> **EXERCISE DESCRIPTION**:
The lines needed run from the one that contains "Cutlery vector illustration" through the end of the material below, both included; write them out exactly, with no pictures.

> **INFORMATION SUPPLIED**:
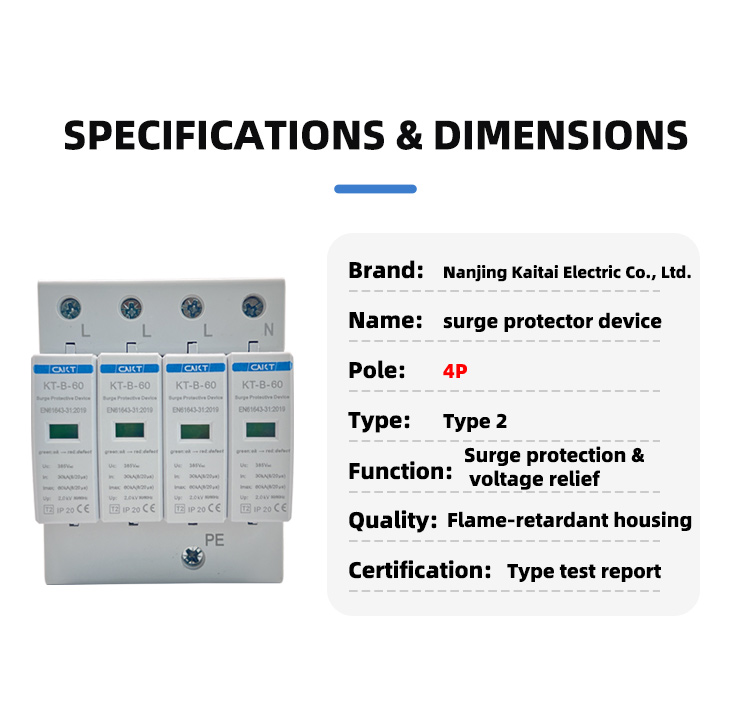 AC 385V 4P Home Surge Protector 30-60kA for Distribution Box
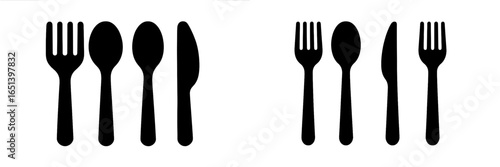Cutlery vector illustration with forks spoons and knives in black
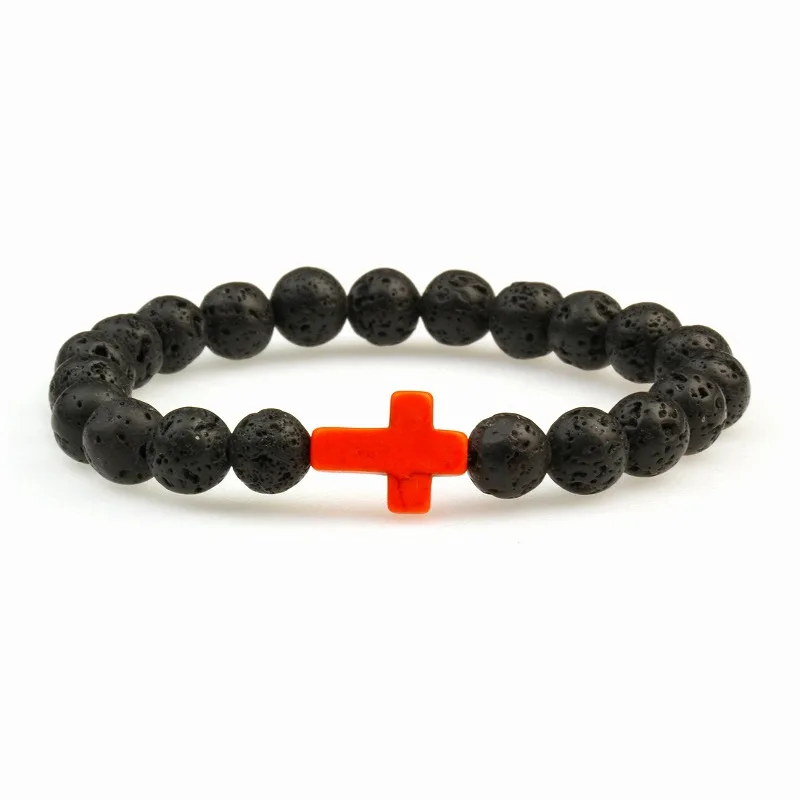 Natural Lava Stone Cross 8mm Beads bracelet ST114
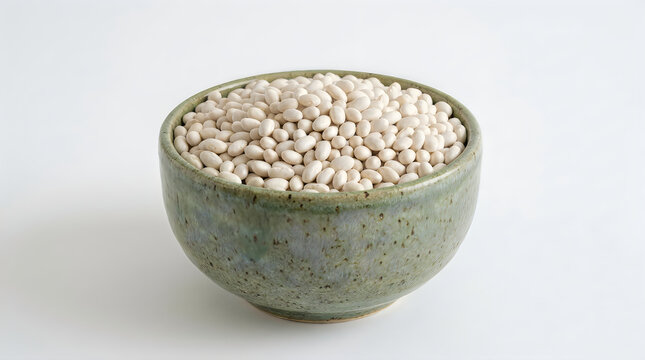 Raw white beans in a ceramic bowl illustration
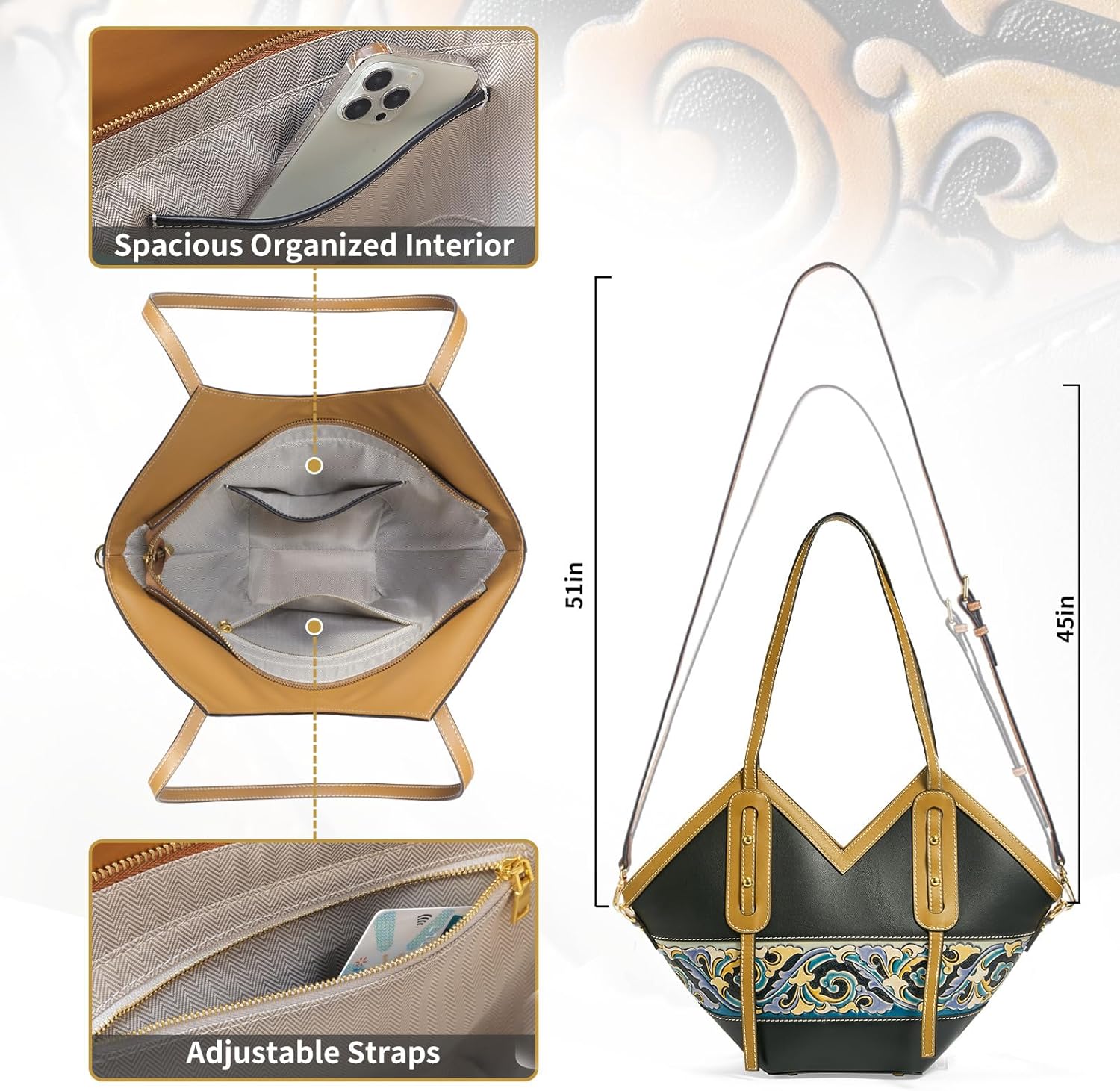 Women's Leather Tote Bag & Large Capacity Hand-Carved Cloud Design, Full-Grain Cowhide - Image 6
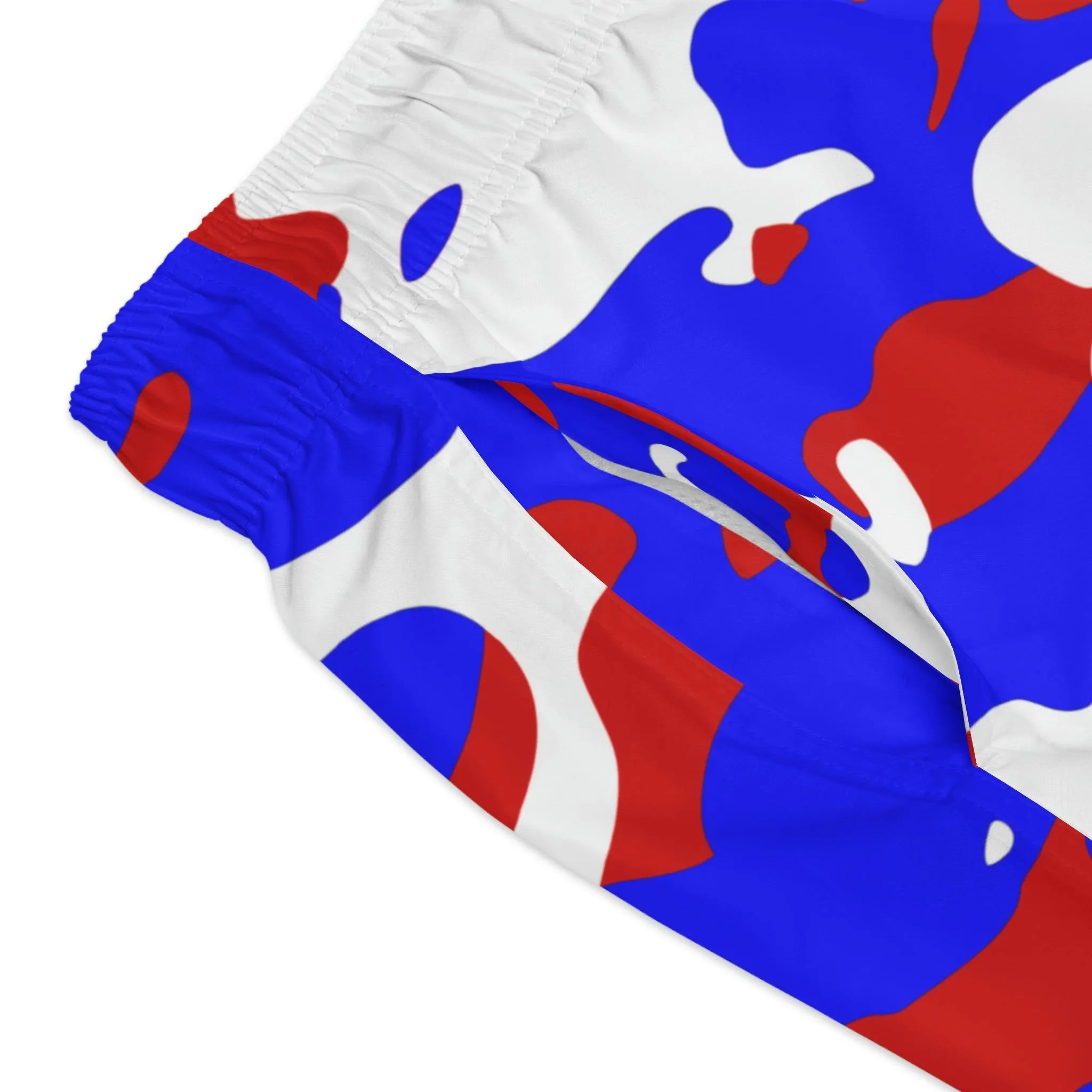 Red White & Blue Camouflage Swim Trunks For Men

> **YOUR RESPONSE**:
Cutlery vector illustration with forks spoons and knives in black
 Natural Lava Stone Cross 8mm Beads bracelet ST114
 Raw white beans in a ceramic bowl illustration
 Women's Leather Tote Bag & Large Capacity Hand-Carved Cloud Design, Full-Grain Cowhide - Image 6
 Red White & Blue Camouflage Swim Trunks For Men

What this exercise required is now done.